John: I appreciate your point, but private schools are also institutions - usually corporate bodies - that have separate interests that don’t always coincide, in an uncomplicated way, with the interests of the children. And the organizations with which those schools are affiliated also have separate interests. That’s the point of having corporations law.

Strikes are a bit of a red herring given common statutory restrictions on teachers’ unions’ right to strike. In addition, students generally aren’t sitting out in the cold when teachers do go on strike; schools can hire temporary replacement workers. Is the disruption of a strike any worse than the disruption of a parent exercising choice and pulling his or her kid out of one classroom for an alternative?

Brett: I never meant to offer privatization as a cure-all; I was merely offering a rebuttal to Fung’s point. If you’re going to have taxpayer-funded education, don’t be surprised when the taxpayers want to have some say in how their money is spent.

As for strikes, I’m not necessarily opposed to them. There may be good reasons for workers (teachers included) to strike at times. My point is that strikes are not called for the benefit of students, but rather for that of teachers--the ones who pay the union dues.

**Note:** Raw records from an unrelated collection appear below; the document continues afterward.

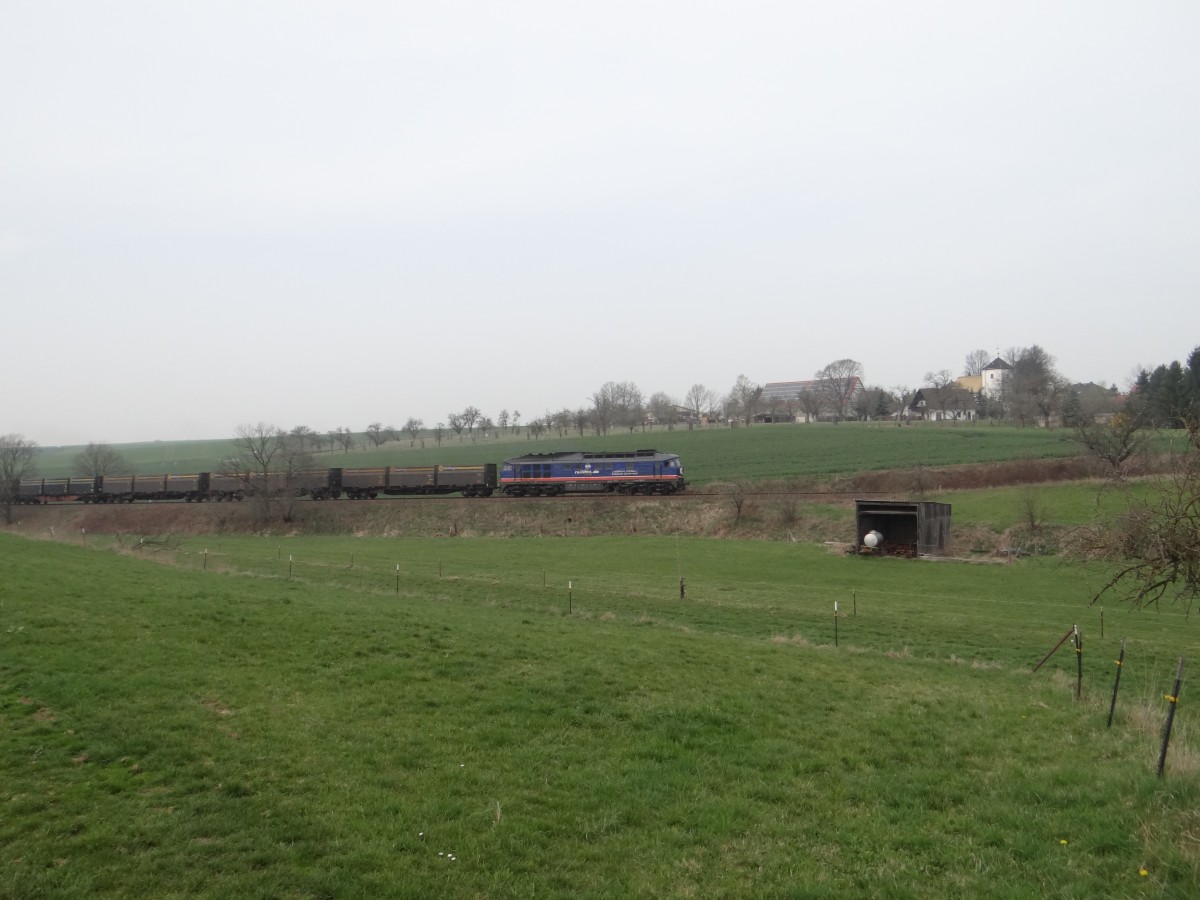 Am 01.04.14 fuhr die raildox 232 103 wieder auf der Wismut Werkbahn. Hier zusehen bei Frankenau. 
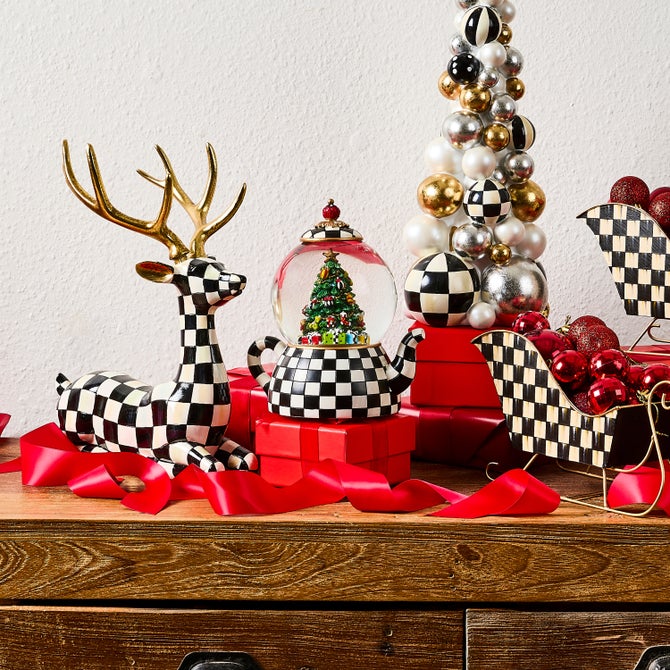 Courtly Teapot Snow Globe image number 4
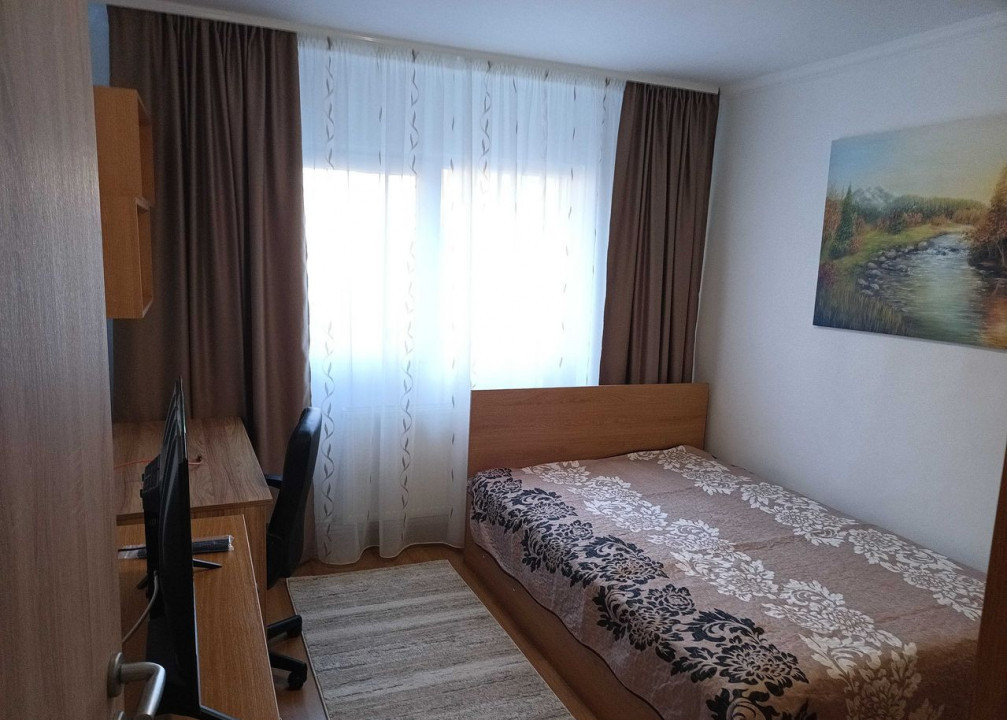 3 camere ,decomandat, 70 mp,  parcare, terasa, zona str.Aurel Vlaicu, Marasti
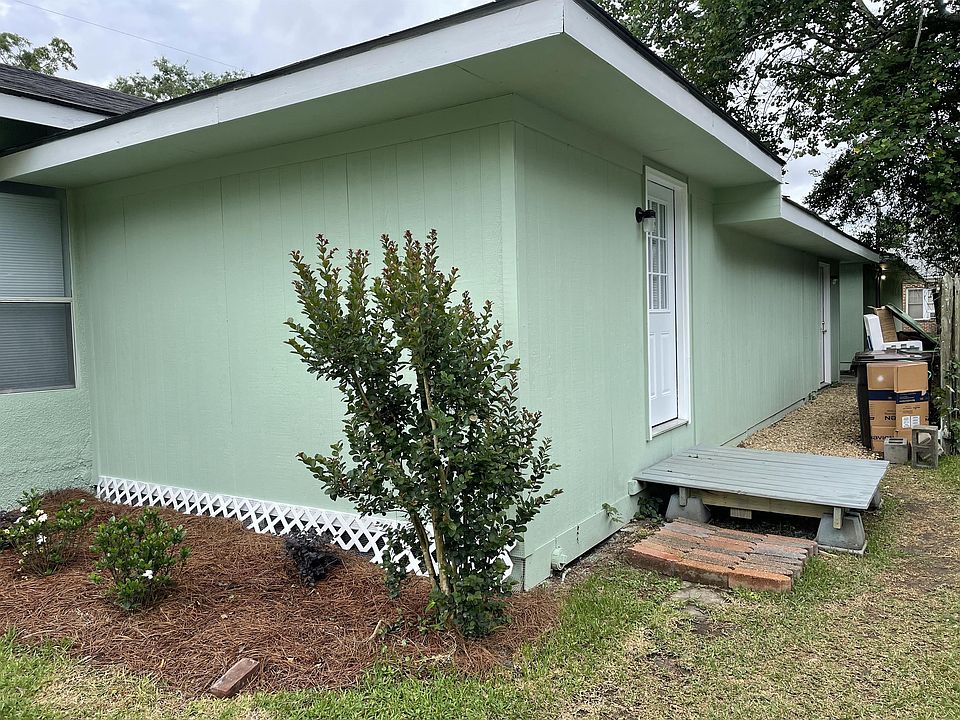 1st image of 800 Mamie St #2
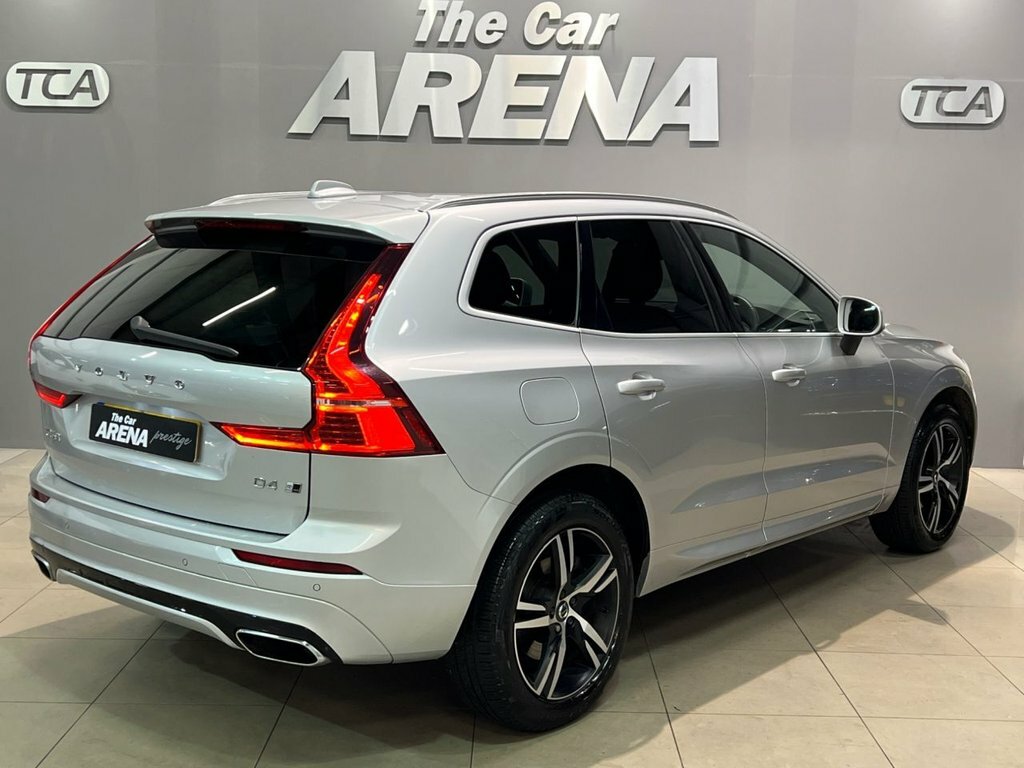 Volvo XC60 2L R-design VO18XWJ Silver #2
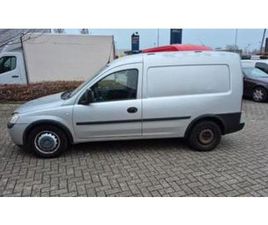 ② OPEL COMBO 1.4I ESSENCE CARGO LÉGER 2009 167 000 KM — CAMIONNETTES & UTILITAIRES — 2EMEMAIN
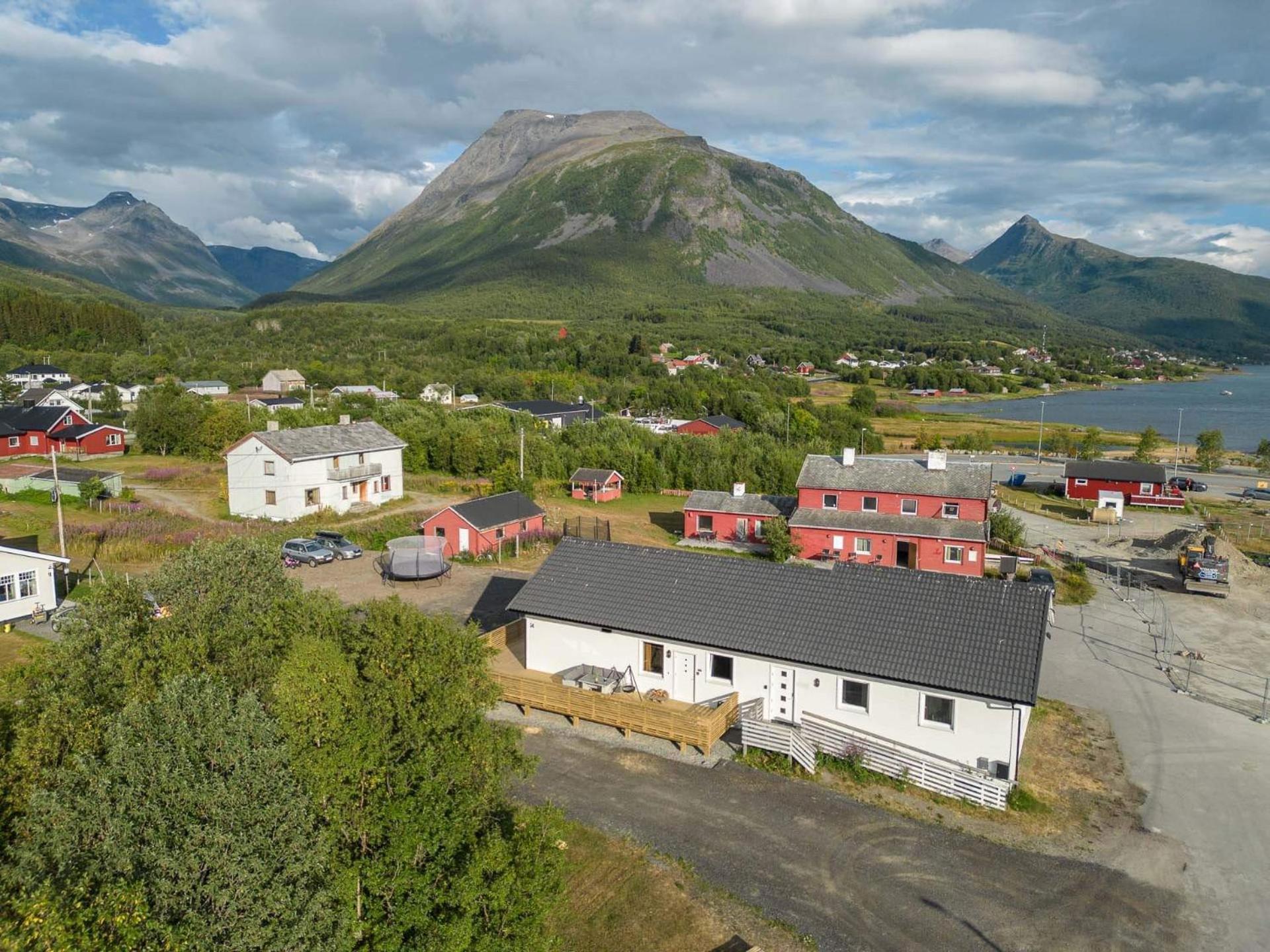 Alpan Apartments, Lyngenfjord Olderdalen Exterior foto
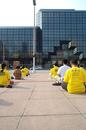 Published on 9/12/2000 New York Practitioners Promoting Falun Dafa 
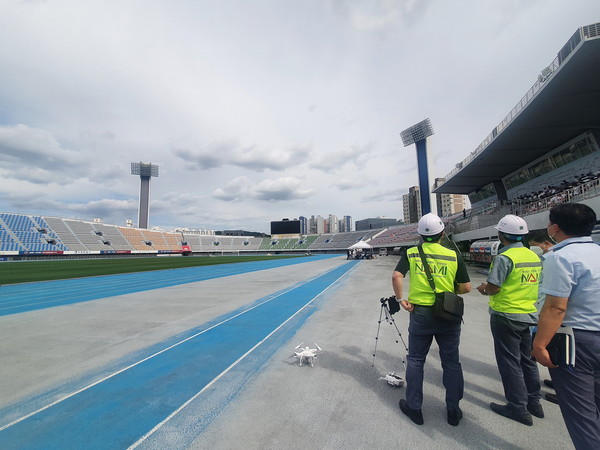 드론을 활용 시설 안전 점검 /사진제공=수원시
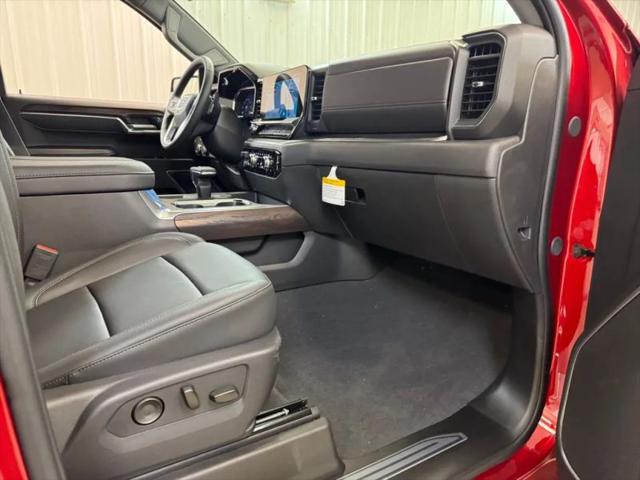 2026 GMC Sierra 1500 Crew Cab, Standard Bed, SLT, 4WD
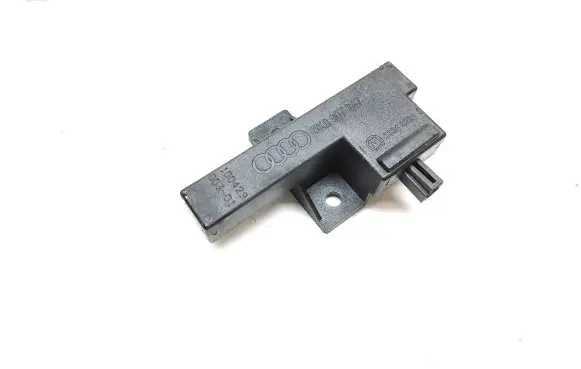 Volkswagen Touareg II Keyless (KESSY) go control unit/module 8K0907247 33542221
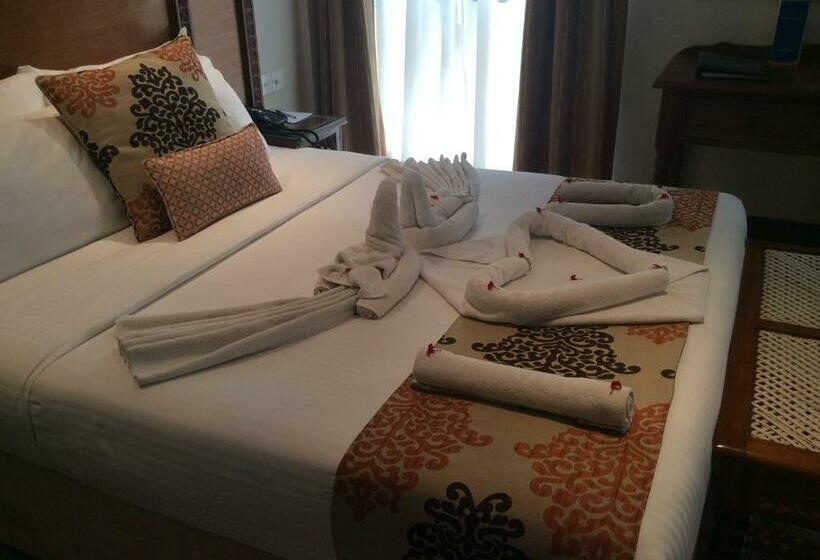 اتاق استاندارد, The Heron By Sarovar Portico India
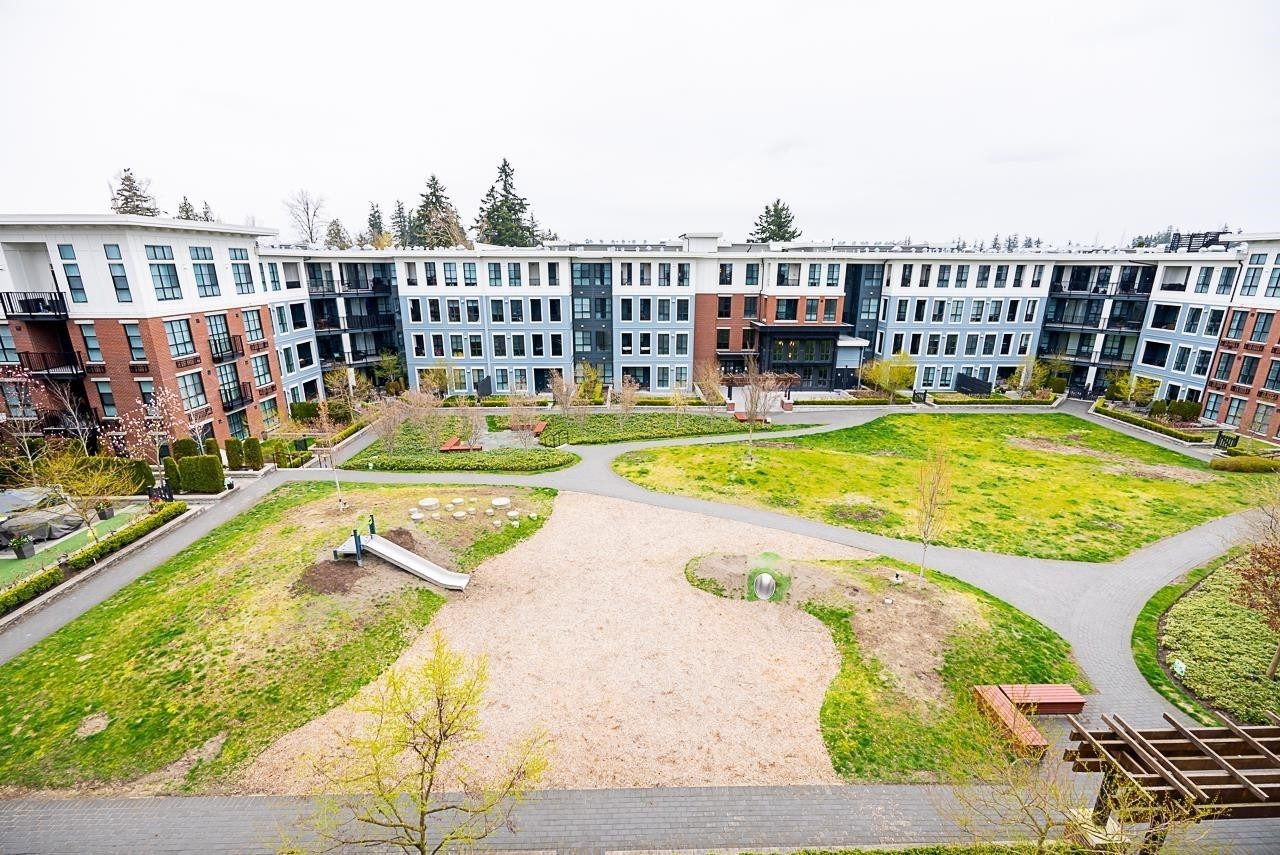 









15137


33

Avenue, 401,
Surrey,




BC
V3Z 0Y1

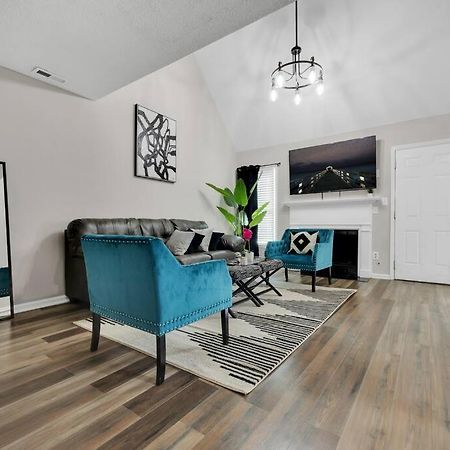 Plush Two Bedroom Retreat. A Home Away From Home! 里弗代尔 外观 照片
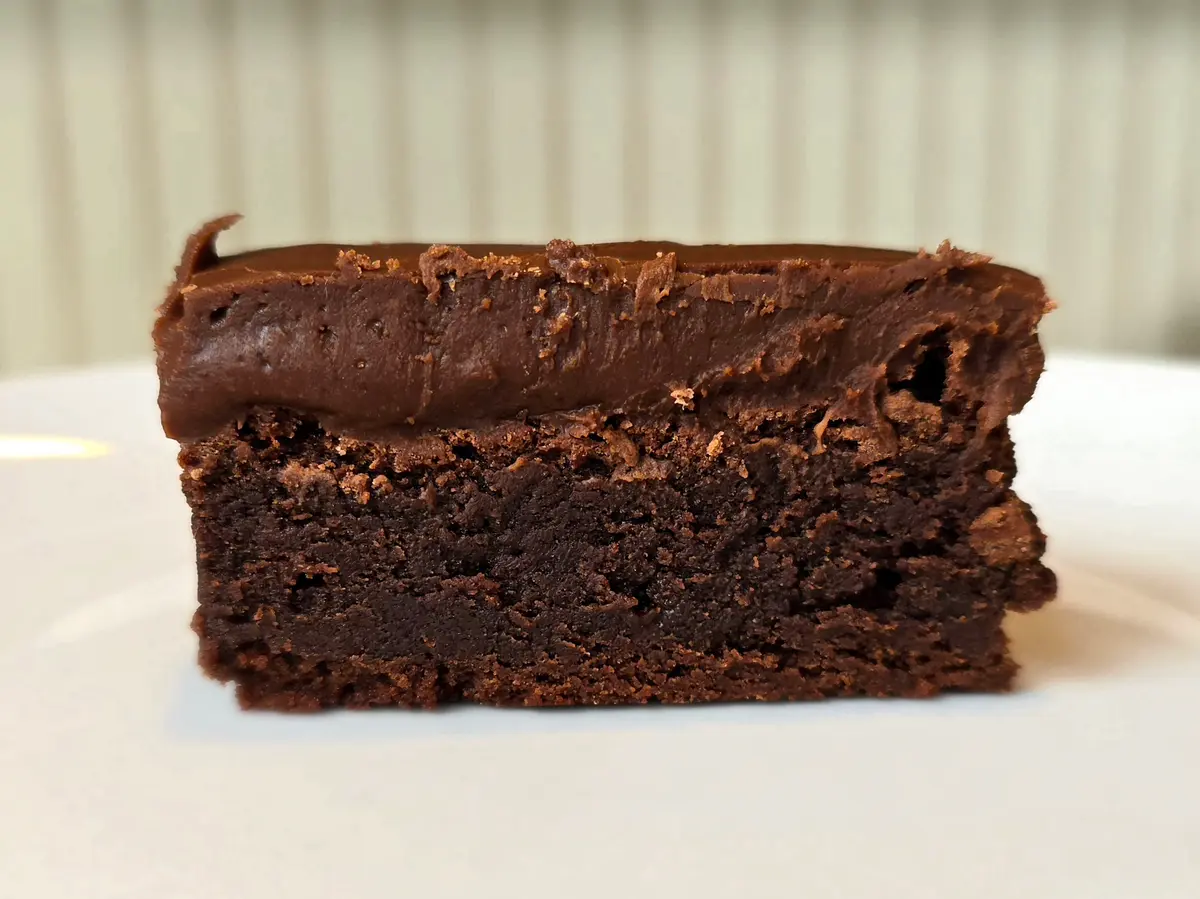 Bánh Brownie Kiểu Tiệm Bánh Cổ Điển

I return to my original point, which I think still stands: the NEA exists to serve teachers, not students. That the interests of the two sometimes coincide ought not be surprising--after all, factory owners and unions frequently agree on the desirability of tariff protection for their industries, but that doesn’t mean that steelworkers’ unions exist for the benefit of steel corporations.

12:

Fung,

Not that you are likely to care, but I would suggest that it is poor etiquette to trash the blogger on a thread, as you have trashed Julie.

I recognize that the chairman of your party has said: "I hate the Republicans and all that they stand for" -- and the list of similar comments from leaders of your party is really very long.

But if you insist on spewing out your "thoughts" to conservatives who have zero interest in them, at least follow some elementary rules of decency. One of the most basic is not to trash the hosts.

Additionally, you seem to regard any support for corporal punishment as disqualifying people from the moral stature to comment on education. It is a childish viewpoint. One might as well say that you cannot comment on foreign policy because you believe in "peace studies." Now, I would be greatly pleased, and many others on
No Left Turns would be equally pleased, if you scrammed entirely. But I cannot and would not say that you can’t comment on an issue because you have a warped view of it. That would violate the spirit of free speech.

Now Davey, I agreed elsewhere to treat you nicely, because you were complaining about how mean I was to you. While I hate to engage with you, even for a moment (out of concern that your feelings will be hurt yet again) I will point out that I never suggested that Julie should not comment. Only that her concern for children should be considered in its proper context. For instance, if Julie had suggested that people should be more concerned about the reliability of their computers, it would be interesting to note that Julie has earlier supported banging those same computers around the room.

But, I have already said too much. I am afraid now that I have opened up your wounds, and that you will now cyber-bleed all over this site, because I have been mean to you.

Just ignore me, Davey. I am sure there is someone out there who takes you seriously.


Fung, I have always directed my comments at your contemptuous treatment of conservatives in general -- and at your utter arrogance in coming onto the No Left Turns site and dumping your unwelcome crap. It has never been about me.

In regard to Julie, I never said you were demanding that she not discuss the issue. You are perhaps too smooth to do this. But clearly, you were trying to claim that she had no credentials for discussing education because she lacked compassion. You did so on no evidence whatsoever. While it’s not surprising to see this kind of comment from a professor, it is disgraceful. No, I’m not hurt in the slightest. I am offended as hell that any money, public or private, goes to pay your salary.

You’re trying to play mind games by personalizing it to this degree. I’m sure your familiarity with the BS "authoritarianism" literature has suggested ways in which you might try to effectively belittle those conservatives who dare to challenge you in a way that hurtss. But I can’t think that any intelligent reader is impressed in the least by your thuggish posture.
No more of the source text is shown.